28. Poetic Justice---Kendrick Lamar feat. Drake
Lamar is a lot of things: a poet laureate of seedy city streets, an unrelenting self-examiner, and a rapper with a varied, dexterous flow. PJ features almost all of these angles, an intricate study of affection and self-valuation, "Love is not just a verb/It's you looking in the mirror," serving as Good Kid M.A.A.D. City's earnest mission statement.
27. This Year---Bowerbirds
The Clearing is a disc primarily occupied with beauty, seldom employing force to get its point across.
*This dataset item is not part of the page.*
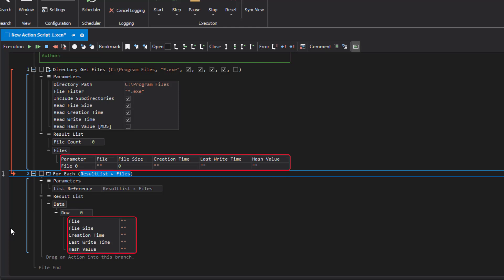These are the same parameters as in the source action directory get files. With each loop cycle, ForEach takes over a single result row and transfers it to its own result list. You can then check a single value and process the data further. In the inner node of ForEach, insert all the actions to be performed on each loop run.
This Year runs counter-current to this notion, building from a place of luminous smallness to an eye-popping, gravel-y climax.
26. The America Suite---Dan Deacon***
After all these months, my hypothesis remains; in my heart of hearts, I still think that the America suite was originally intended to be an entire EP unto itself. While the first half of Deacon's 2012 LP struggles to find consistent thematics, the disc's last four tracks congeal into a remarkably contained whole, each movement tuned into the same sense of oddity and hugeness that made Bromst such an indescribable, enchanting beast.